Así permanecieron durante aquel día. Al siguiente hicieron sacrificios, y las señales de las víctimas resultaron favorables. Después de haber comido formóse el ejército en columnas de compañía. Los bárbaros fueron puestos del mismo modo a la izquierda. Y en este orden avanzaron llevando a los arqueros en el intervalo de las compañías y un poco adelantados del frente de los hoplitas, pues los más ligeros de los enemigos se adelantaban corriendo y arrojando piedras. Y los arqueros y peltastas se encargaban de rechazarlos. Los demás siguieron al paso, primero con dirección al lugar desde el cual los bárbaros y los griegos que les acompañaban habían sido puestos en fuga el día anterior: en él se hallaban formados los enemigos. A los peltastas les hicieron frente los bárbaros y vinieron a las manos con ellos. Pero al acercarse los hoplitas echaron a correr. Los peltastas fueron persiguiéndoles cuesta arriba en dirección a la metrópoli, mientras los hoplitas les seguían formados en batalla. Cuando llegaron arriba, junto a las casas de la metrópoli, los enemigos, reunidos, volvieron a entablar combate, lanzando sus jabalinas y tratando de rechazar a los griegos con unas picas largas y gruesas como apenas podría sostenerlas un hombre. Pero al ver que los griegos no cedían, sino que avanzaban contra ellos, huyeron todos, abandonando el lugar. Sólo el rey, que habitaba una torre de madera edificada en la cima donde vive, y es guardado a expensas de la comunidad, se negó a salir, como había hecho el del primer puesto tomado, y ambos perecieron quemados en las torres.

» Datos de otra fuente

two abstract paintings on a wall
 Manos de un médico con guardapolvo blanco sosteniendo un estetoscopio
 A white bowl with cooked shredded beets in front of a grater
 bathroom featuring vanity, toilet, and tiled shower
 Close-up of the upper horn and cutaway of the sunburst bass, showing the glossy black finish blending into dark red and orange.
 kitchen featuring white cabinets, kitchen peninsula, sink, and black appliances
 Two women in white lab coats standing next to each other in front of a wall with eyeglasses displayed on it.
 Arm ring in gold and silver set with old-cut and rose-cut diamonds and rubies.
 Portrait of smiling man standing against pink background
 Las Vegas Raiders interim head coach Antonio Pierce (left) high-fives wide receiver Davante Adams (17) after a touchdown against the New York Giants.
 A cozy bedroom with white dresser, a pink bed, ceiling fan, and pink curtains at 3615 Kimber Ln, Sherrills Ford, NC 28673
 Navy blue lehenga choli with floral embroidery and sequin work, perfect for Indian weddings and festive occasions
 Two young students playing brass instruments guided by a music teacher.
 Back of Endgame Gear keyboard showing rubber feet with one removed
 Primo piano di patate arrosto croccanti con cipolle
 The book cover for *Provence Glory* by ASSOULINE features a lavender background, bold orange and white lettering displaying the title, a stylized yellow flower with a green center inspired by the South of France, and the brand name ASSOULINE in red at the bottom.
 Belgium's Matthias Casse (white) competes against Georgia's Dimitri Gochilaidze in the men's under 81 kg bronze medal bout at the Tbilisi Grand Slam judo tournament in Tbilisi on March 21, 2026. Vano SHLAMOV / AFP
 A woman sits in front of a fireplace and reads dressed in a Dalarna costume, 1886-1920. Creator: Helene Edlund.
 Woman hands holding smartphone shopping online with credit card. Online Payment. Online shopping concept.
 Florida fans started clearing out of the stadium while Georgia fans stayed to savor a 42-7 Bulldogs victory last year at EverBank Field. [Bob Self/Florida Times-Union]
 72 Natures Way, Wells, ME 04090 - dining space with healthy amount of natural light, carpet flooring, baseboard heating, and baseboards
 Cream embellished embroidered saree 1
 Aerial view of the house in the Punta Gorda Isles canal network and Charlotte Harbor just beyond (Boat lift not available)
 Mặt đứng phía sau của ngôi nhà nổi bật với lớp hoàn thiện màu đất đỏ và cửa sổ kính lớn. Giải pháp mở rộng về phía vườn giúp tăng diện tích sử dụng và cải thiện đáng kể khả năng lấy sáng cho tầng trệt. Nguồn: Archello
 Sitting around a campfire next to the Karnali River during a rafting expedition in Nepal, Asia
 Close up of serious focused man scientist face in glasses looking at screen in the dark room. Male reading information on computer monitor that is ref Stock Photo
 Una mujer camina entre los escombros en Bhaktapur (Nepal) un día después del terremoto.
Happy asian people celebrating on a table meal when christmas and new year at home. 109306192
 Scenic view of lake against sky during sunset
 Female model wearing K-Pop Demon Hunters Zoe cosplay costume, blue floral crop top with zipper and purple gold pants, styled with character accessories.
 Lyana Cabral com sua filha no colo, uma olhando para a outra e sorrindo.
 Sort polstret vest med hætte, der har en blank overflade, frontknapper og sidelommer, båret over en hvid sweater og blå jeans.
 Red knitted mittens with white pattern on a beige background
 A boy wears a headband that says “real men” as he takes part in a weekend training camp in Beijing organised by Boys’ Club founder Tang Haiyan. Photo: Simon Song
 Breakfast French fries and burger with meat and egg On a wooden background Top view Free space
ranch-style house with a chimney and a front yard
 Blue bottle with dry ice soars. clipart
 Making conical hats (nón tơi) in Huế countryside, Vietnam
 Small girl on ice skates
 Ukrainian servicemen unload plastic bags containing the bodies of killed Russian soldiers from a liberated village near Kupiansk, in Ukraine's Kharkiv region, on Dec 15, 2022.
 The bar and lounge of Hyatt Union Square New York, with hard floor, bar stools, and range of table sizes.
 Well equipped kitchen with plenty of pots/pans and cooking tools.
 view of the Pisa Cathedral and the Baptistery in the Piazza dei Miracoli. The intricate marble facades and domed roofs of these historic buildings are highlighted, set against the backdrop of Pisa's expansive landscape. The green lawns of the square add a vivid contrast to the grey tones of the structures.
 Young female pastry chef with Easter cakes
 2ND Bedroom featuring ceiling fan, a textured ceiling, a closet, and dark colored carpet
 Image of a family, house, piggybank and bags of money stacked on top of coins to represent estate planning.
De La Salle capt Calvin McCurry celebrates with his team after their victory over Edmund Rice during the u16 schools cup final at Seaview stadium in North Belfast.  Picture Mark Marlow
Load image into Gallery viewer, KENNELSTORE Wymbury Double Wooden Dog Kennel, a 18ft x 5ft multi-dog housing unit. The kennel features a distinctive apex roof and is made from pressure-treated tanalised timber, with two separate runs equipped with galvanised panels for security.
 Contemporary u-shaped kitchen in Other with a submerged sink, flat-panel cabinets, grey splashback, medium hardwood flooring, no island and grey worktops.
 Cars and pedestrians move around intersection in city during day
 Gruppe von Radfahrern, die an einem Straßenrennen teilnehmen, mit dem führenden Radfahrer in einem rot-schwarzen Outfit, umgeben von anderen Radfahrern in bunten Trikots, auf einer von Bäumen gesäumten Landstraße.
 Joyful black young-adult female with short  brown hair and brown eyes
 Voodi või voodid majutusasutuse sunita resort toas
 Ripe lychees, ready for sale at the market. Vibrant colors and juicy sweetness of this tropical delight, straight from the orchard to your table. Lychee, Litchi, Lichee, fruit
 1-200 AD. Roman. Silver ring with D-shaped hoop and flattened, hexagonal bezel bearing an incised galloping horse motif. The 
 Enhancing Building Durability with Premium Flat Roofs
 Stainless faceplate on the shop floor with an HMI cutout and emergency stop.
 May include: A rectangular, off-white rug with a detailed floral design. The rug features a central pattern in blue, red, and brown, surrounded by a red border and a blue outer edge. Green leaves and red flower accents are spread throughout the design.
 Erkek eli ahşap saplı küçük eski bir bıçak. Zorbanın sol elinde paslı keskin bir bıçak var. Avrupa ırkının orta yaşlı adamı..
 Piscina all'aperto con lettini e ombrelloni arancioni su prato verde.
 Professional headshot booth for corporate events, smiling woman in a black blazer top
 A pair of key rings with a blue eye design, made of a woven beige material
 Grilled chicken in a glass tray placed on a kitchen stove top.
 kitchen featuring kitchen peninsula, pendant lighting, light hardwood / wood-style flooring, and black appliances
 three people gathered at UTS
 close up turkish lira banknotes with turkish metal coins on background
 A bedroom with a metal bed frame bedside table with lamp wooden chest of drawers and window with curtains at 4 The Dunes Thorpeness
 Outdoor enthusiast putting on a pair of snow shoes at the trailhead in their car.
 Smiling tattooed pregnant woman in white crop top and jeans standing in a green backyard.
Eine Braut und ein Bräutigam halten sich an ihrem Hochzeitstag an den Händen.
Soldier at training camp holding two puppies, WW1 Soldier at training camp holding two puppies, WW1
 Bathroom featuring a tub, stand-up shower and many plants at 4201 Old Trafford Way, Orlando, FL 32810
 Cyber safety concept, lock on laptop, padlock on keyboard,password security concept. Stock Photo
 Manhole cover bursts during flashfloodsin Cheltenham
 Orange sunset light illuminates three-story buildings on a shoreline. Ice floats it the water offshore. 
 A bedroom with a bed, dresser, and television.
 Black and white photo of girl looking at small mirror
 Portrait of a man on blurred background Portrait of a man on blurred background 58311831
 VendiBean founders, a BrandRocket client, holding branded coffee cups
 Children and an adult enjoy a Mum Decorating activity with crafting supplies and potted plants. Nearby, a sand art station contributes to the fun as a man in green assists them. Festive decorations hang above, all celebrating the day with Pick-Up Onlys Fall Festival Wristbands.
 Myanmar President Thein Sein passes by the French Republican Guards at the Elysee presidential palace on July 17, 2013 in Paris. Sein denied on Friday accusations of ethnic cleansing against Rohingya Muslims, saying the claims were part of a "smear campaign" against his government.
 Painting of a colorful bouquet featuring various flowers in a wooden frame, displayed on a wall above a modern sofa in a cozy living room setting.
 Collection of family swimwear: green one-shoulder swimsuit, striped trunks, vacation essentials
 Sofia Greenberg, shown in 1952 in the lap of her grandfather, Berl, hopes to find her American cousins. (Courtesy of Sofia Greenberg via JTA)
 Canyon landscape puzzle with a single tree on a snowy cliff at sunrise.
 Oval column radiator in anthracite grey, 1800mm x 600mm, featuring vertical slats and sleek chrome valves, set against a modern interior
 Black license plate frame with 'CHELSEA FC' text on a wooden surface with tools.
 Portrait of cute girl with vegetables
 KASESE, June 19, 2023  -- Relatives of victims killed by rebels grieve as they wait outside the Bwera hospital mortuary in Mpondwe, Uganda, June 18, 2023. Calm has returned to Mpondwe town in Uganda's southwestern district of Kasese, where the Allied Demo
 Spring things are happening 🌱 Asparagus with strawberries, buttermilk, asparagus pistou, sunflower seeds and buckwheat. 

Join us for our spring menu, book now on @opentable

Los griegos saquearon el lugar y encontraron en las casas grandes depósitos de panes amontonados como allí era costumbre tradicional, según los mesinecos, y trigo guardado con la espiga. La mayor parte de este grano era espelta. También hallaron ánforas con lonchas de delfín salado y vasos llenos de grasa de delfín, que usan los mesinecos como los griegos el aceite. En los graneros había muchas nueces muy grandes sin intersticio. Estas nueces cocidas les servían de pan. Encontróse también vino que puro parecía agrio por su aspereza, pero que mezclado con agua resultaba fragante y agradable.
Después de comer los griegos continuaron su marcha, abandonando el lugar a los mesinecos, sus aliados. De todos los demás lugares enemigos que encontraron, los más accesibles fueron abandonados y los otros se entregaron voluntariamente. La mayoría de estos lugares estaba dispuesto en esta forma: distaban las ciudades entre sí como ochenta estadios, y de una a otra podían oírse los mesinecos cuando gritaban. De tal modo alternan en el país valles profundos y alturas elevadas. Cuando llegaron en su marcha a las tierras de los mesinecos, les mostraron niños de familias ricas cebados con nueces cocidas. Estaban tan gordos que poco les faltaba para igualar el grueso con el alto, y eran de carnes tiernas y muy blancas. Tenían las espaldas pintadas y por delante unos tatuajes en forma de flores. Querían cohabitar a la vista de todos con las cortesanas que iban en el ejército: tal es la costumbre entre ellos. Todos los hombres y las mujeres son allí blancos. Los griegos decían que éste era el pueblo más bárbaro que habían encontrado, aquel cuyas costumbres diferían más de las griegas. Hacían en público lo que otros en secreto y a solas se conducían como si estuviesen entre gente; hablaban consigo mismos, reían y se ponían a bailar en cualquier sitio que se encontrasen como si alguien pudiese verlos.